1. Your homesite looks great. Personally, my only worry in buying something like that sight unseen would be if it had a good water supply. Good luck and have fun.

Hey thanks! We can't wait to make the 2,000 mile trek to see it! There is a great water source as the development was a stop off for the cattle drives back in the day & water is still very plentiful. We will have to fill up tanks from the subdivision well (about 3/4 mile from cabin) & then pump the water into the holding tanks at the cabin using a generator.

2. When you used the online battery sizing calculator, you left the second column (which is daily use) at zero for the heavier loads. If you look at the "Total Daily WattHours required" box, its total of 820 is just for the computer and misc loads. The first column is instantaneous loads, and is useful for inverter sizing. The second column is for accumulated usage, and is the basis for the battery bank sizing.

I need to redo the online battery sizing calculator as we have made more changes since I posted that calculation... Here is the very basic needs that we have at the moment:
The house is self sufficient, has solar & is not in the equation. It is completely separate from the bus/office.
The system I am setting up is in the bus & will power the office supplies only...

Laptop = 50w per hour - 4 hours per day
Modem = 50w per hour - 4 hours per day
Inkjet printer = 29w - 2 hours per day

100W x 4 hr + 29 x 2 = 458wh / 5 charging hours = 91.6W Is this correct?

Since you have a Kill-a-Watt, let it accumulate the usage on each appliance for 24 or more hours, and in the second column enter the accumulated watt-hours adjusted to 24 hours (two-thirds of a 36 hour total, one-half of 48 hours, etc). This will come up with a somewhat larger battery requirement.

I will do this...

3. If the photovoltaic panel label in the next photo is the panel you got, notice that it only makes 90 watts at 17 volts! (Max power 17 volts x 5.29 amps = 89.93 watts in 'standard' sunlight) If you have a Maximum Power Point Tracking (MPPT) charge controller, you can get close to the 90 watts, with the panel running at around 17 volts and its output being down-converted to 12 volts for the battery. If you use a simple 'disconnect when full' overcharge prevention limiter, you will get much less power.

This is the panel we got & are lookng at at east one, maybe 2 more 85 watt panels. I am not quite understanding all you are saying (man, I wish I understood this more)

Look at the 5.77 amp Isc short circuit current and the 21.5 volt Voc open circuit voltage. The power curve for a panel generally looks like a horizontal line at 5.77 amps starting at zero volts up through maybe 15 volts, then falls off to zero amps as it curves down to 21.5 volts. The maximum output point is on that curve between the maximum current and maximum voltage points. Connected directly across a battery with no controller, or a shut-off only controller, the panel is loaded down, and you will get:
5.77 A x 10 V = 57.70 watts into a discharged battery
5.77 A x 12 V = 69.24 watts into a half-discharged battery
5.77 A x 14 V = 80.78 watts into a full battery

So, without MPPT, the more you need a recharge, the less you will get. (I have two sites with older disconnect only control, and the result has been disappointing.)

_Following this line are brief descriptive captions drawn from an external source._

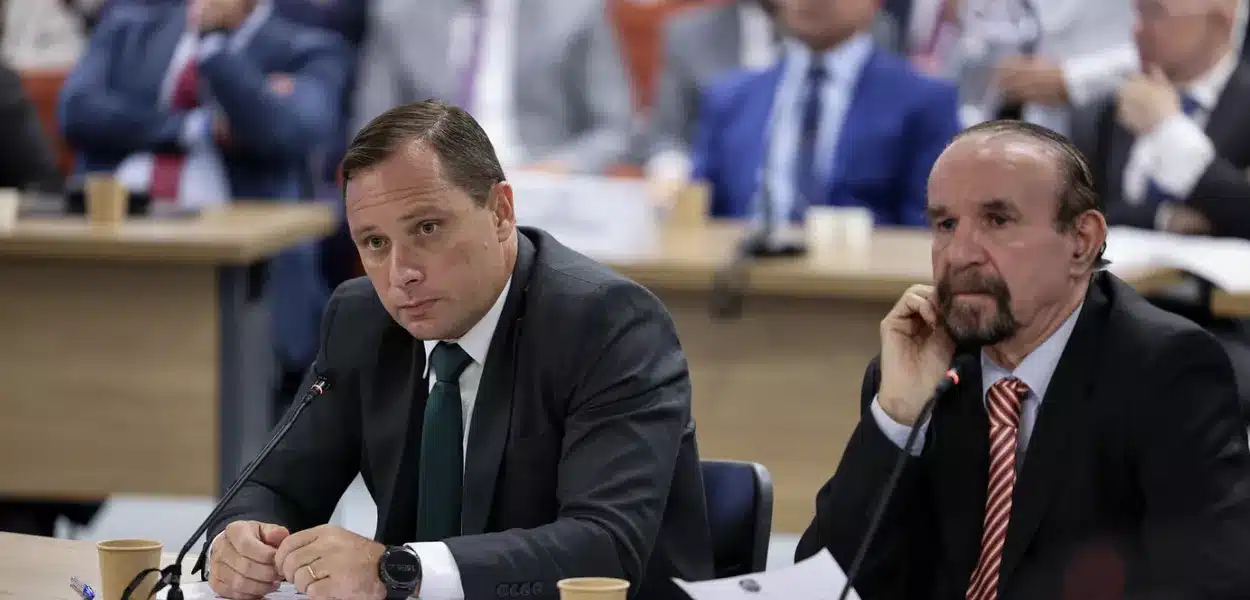 Defesa de Cid reafirma: Braga Netto entregou dinheiro em caixa de vinho para financiar golpe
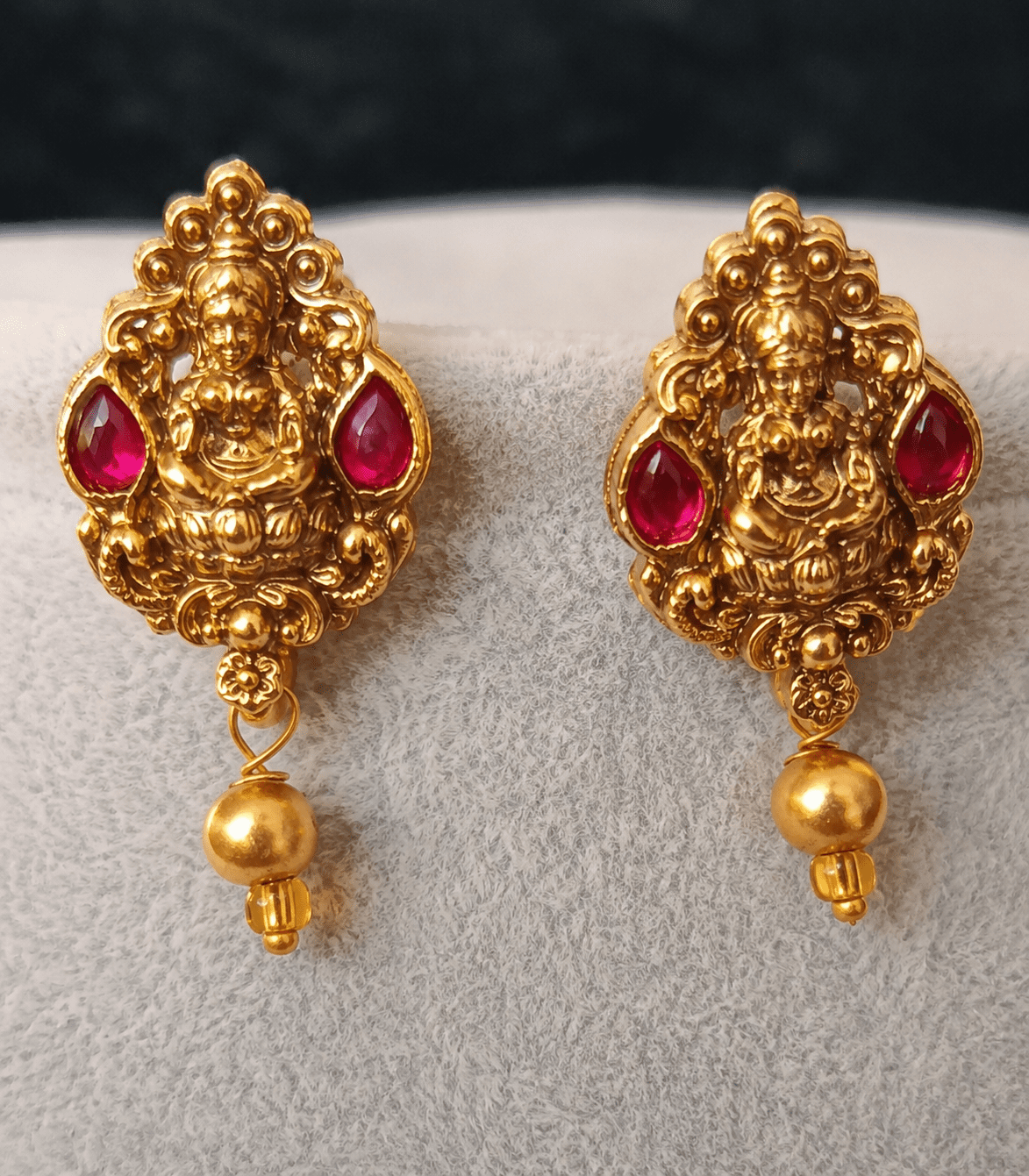6604Long Temple Round Pendant with Ruby-Green Stone Work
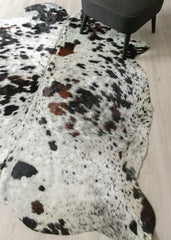 Exotic Tricolor Cowhide Rug (Size: 220 X 190 CM) CHR2632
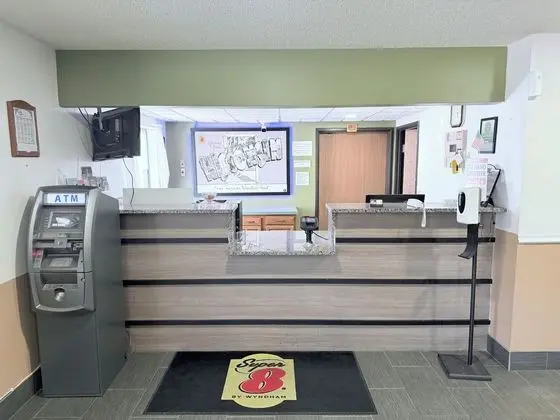 Super 8 by Wyndham Fond Du Lac - Lobi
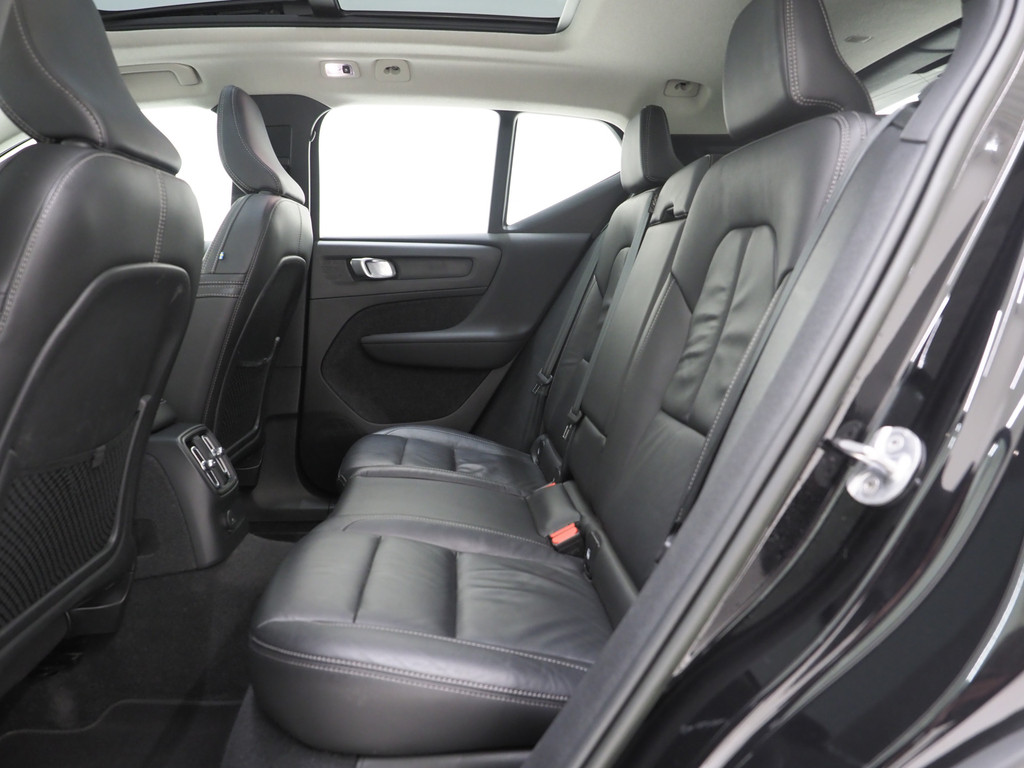 Volvo XC40 1.5 T4 Recharge Ultimate NIEUW MODEL! 36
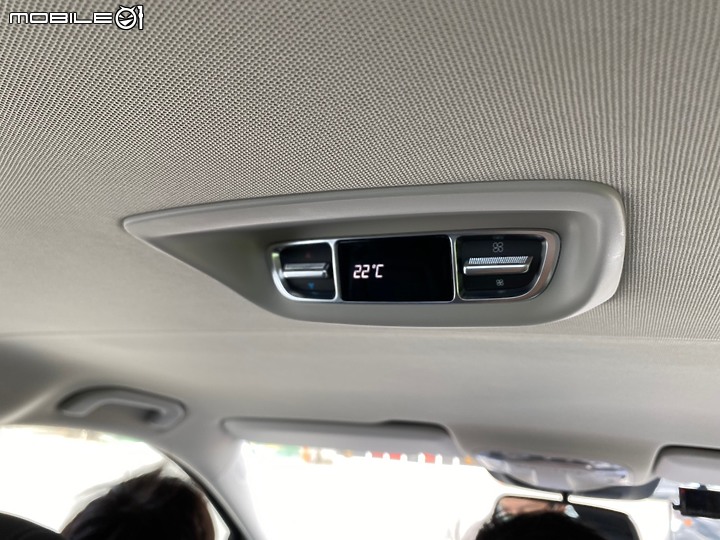 點我看大圖 Benz v220d陪伴試駕分享 (與Lexus RX比較)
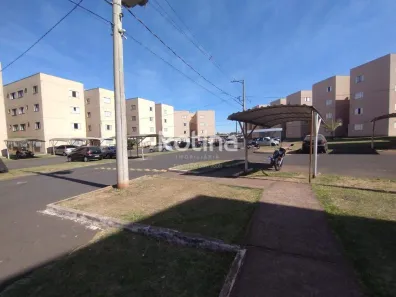 Apartamento com 2 Quartos para alugar, 40m² no Tocantins, Uberlândia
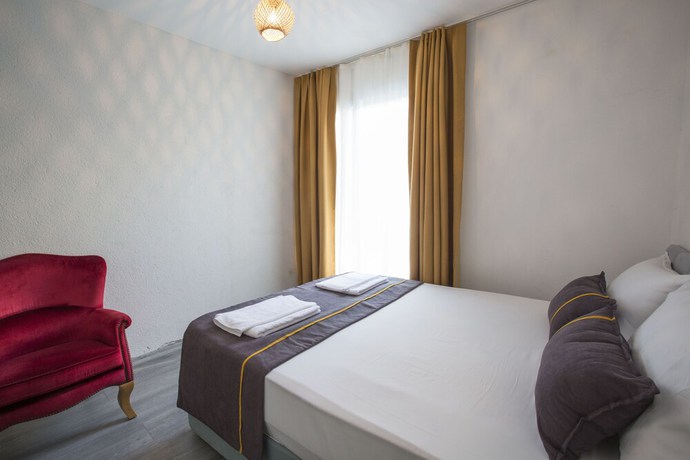 Imagen de la habitación del Surla Hotel. Foto 2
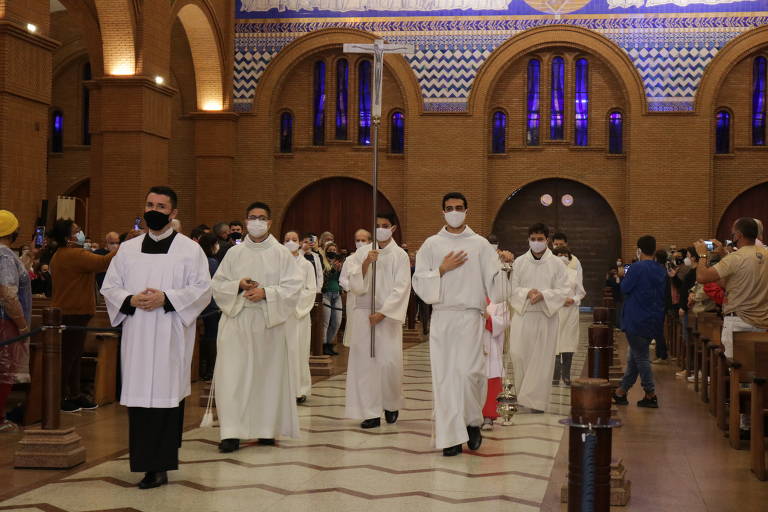 12 de outubro é o Dia de Nossa Senhora da Conceição Aparecida, feriado determinado por lei e em que o trabalhador pode negociar pagamento em dobro. Na imagem, novena de Nossa Senhora Aparecida celebrada em 2021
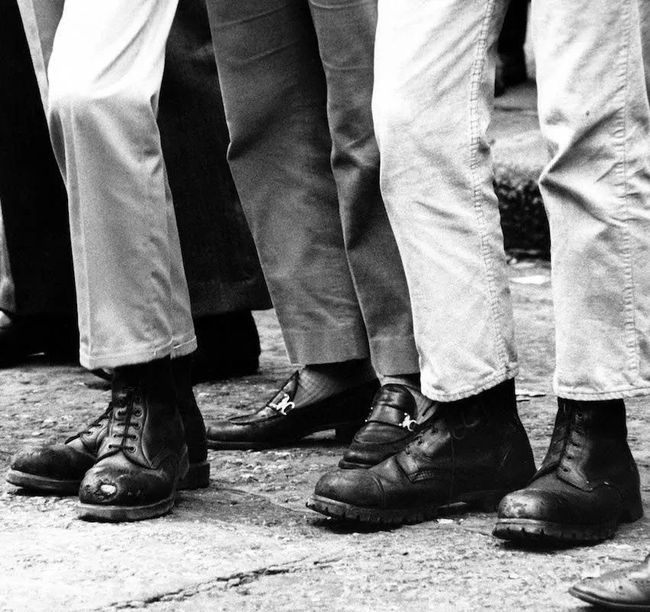 管不到一千块的鞋子叫「马丁」，上海名媛都瞧不上你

There are charts that estimate average sunlight hours per day adjusted to 'standard sunlight' for different areas. Around here it's about 4.5 hours in winter. So I could estimate that with MPPT your single panel would give me 90 x 4.5, or 405 watt-hours per day. There's obviously more light in the southwest. It looks like the one panel won't make you generator-independent, but will cut a big chunk out of the requirement.


I was told that the insolation in New Mexico in the winter is 6 hours which I would imagine is very good. I really need to learn this more & maybe simplify it so I can understand it. I really just want to be sure I can run what we calculated without power loss or having to run the generator every day to charge the batteries...

I really appreciate your help so far!!